Festival rookie wins finger-picking guitar contest

A first-time Walnut Valley Festival visitor won the National Fingerpick Guitar contest Thursday.

Michael Chapdelaine of Albuquerque, N.M., was the best guitar performer in a field of 38 contestants. Chapdelaine has been a professor of guitar at the University of New Mexico for 12 years. He heard about the Winfield festival and competition just this last spring and mailed his entry.

The champion has been playing the guitar for about 25 years. He holds the distinction of winning top prize in four international competitions, including first prize in the Guitar Foundation of American International competition. He has studied with Italian maestro Oscar Ghiglia at the Aspen Music Festival.

Chapdelaine will be taking home the first-place trophy and a Grand Concert 914 Guitar from Taylor Guitars.

Brad Richter, Tucson, Ariz., took second place. He entered the contest last year but did not place. He is a graduate of the Chicago Music College of Roosevelt University and completed his master's degree at Royal College of Music in London. He performs throughout the United States and Europe and is the guitar instructor and orchestra director of the Sherwood Conservatory of Music in Chicago.

Autoharp

The first-place winner in the autoharp competition was Dr. Mike Herr, an osteopathic family physician from Beckley, W.Va. Herr has been playing the autoharp for about 16 years. Five times previously he has entered this competition, twice placing in the top five and taking second place in 1994.

Herr recently took first place in the prestigious Mountain Laurel Autoharp Championships in Newport, Pa.

He plays Celtic music in two groups, Lost in the Woods and Mike Herr and Carlos Plumley. Herr also plays the bodhran, an Irish drum, and teaches dance, swing dance and contradance.

Herr chose a Fladmark Woodworks gospel model autoharp for his prize.

Les Gustafson-Zook of Goshen, Ind., took second in autoharp. He has entered the contest each year for the last 10 years and has three third-place finishes and three second-place finishes now.

Gustafson-Zook is a public school music teacher and part-time pastor at Faith Mennonite Church in Goshen. He also finds time to be a part-time DJ.

Tina Louise Barr of Modesto, Calif., won third in autoharp. She has entered the competition seven times and finished second in 1993 and 1996. Both Barr and her husband, John Gwinner, work for Stanislaus County in Modesto, Calif.

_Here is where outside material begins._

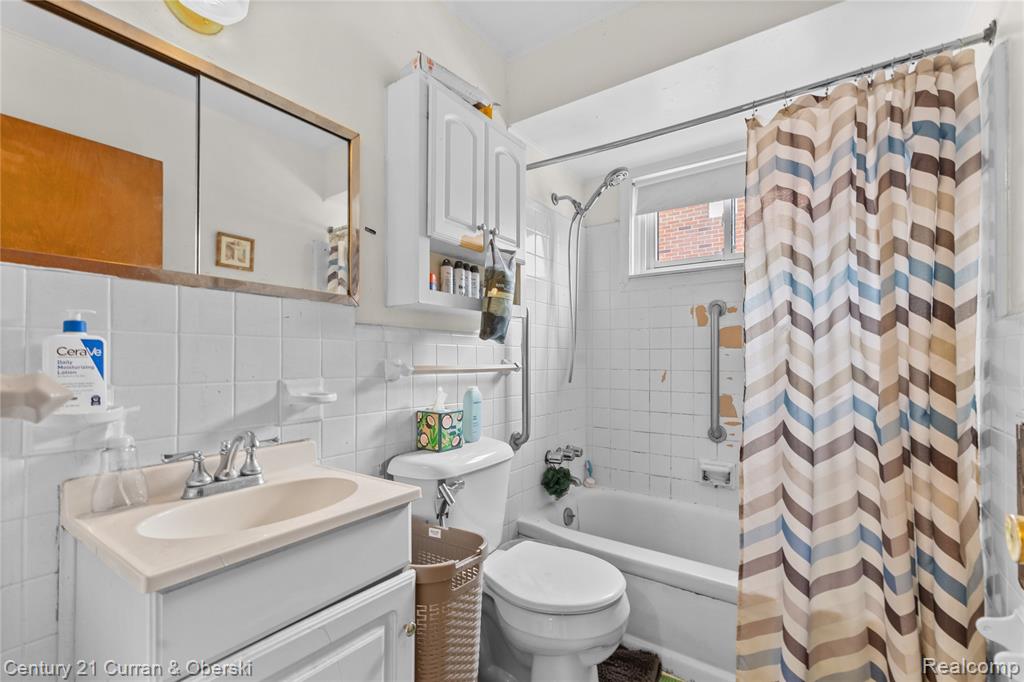 8605 Dixie Lane, Dearborn Heights, MI 48127 — Photo 9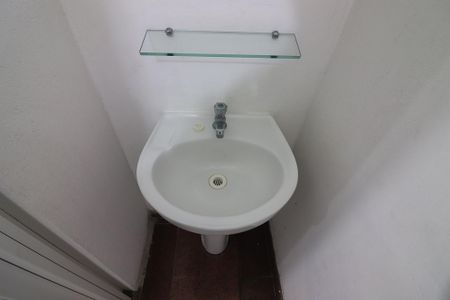 Casa à venda com 90m², 2 quartos e 2 vagasBanheiro de serviço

The couple plays a broad array of music as a duo.

Mountain dulcimer

Larry Conger, of Paris, Texas, took first place tants in this year's National Mountain Dulcimer Championships. He won a custom McSpadden mountain dulcimer. Conger has been coming to Winfield for four years. In 1995 he finished in the top five, and in 1996 he took second place.

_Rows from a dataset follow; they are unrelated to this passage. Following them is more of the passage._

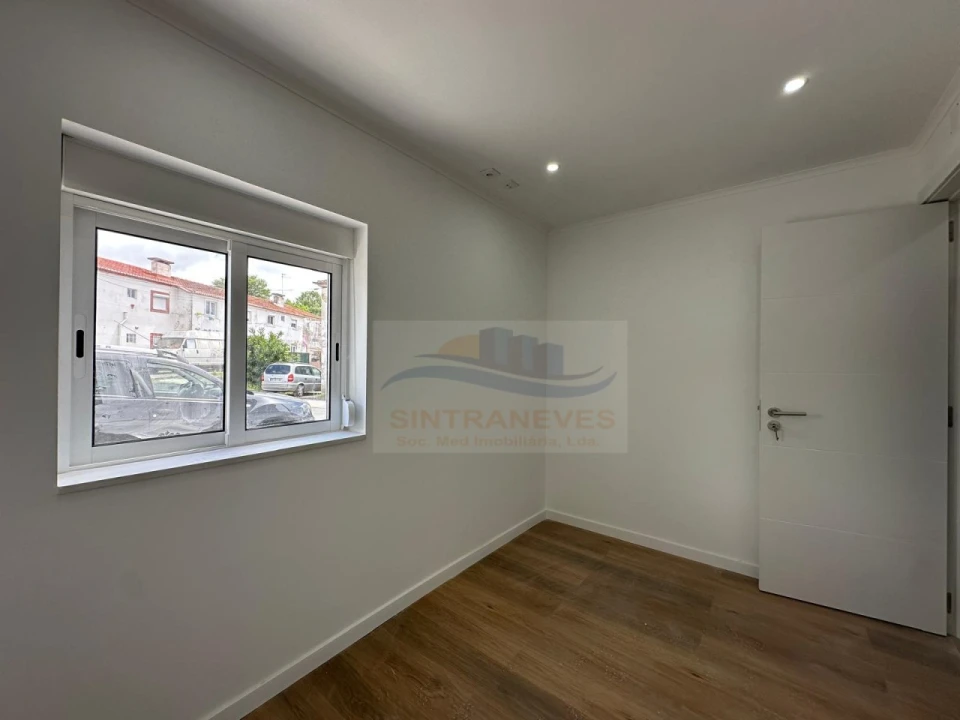 Apartamento T2 para Venda em Pontinha e Famões Foto 15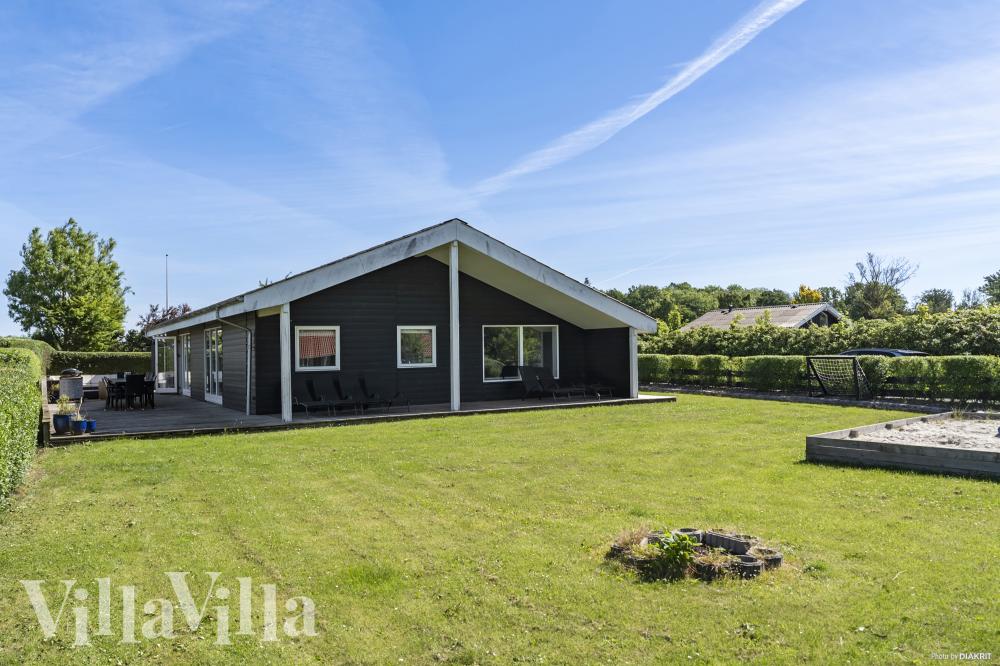 Dieses schöne Poolhaus Nr. 980 mit Platz für 14 Personen liegt in Ostjütland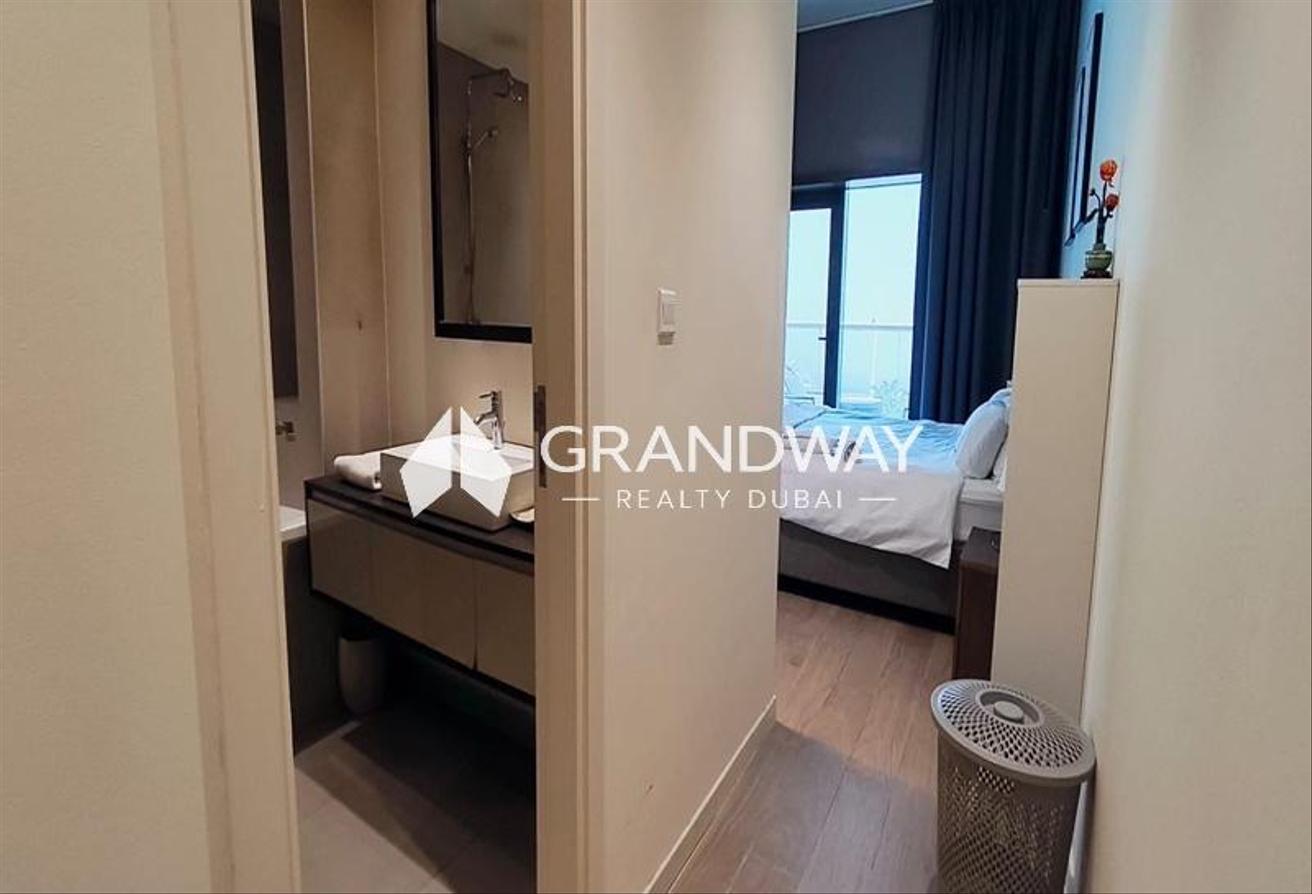 Spacious 1BR | Modern Layout | Prime Location photo 15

Conger was in full-time ministry in his church in Paris but recently resigned. He now works for the Tennessee Arts Commission and the Kentucky Arts Council by giving dulcimer programs in public schools in those states.

Steve Eulberg of Fort Collins, Colo., goes home with the second-place trophy. He has been coming to the festival since 1992 and started entering the contest in 1993. This is the first time he has placed. Eulberg is a minister who has taken a leave of absence and tends his children while his wife serves as the campus Lutheran pastor at Colorado State University.

An old-timer to the festival took third place. Mark Tindle, a salesman from Tulsa, Okla., has been coming to the festival for about 16 years. He has entered the mountain dulcimer contest seven or eight times and took first in 1986 and 1991.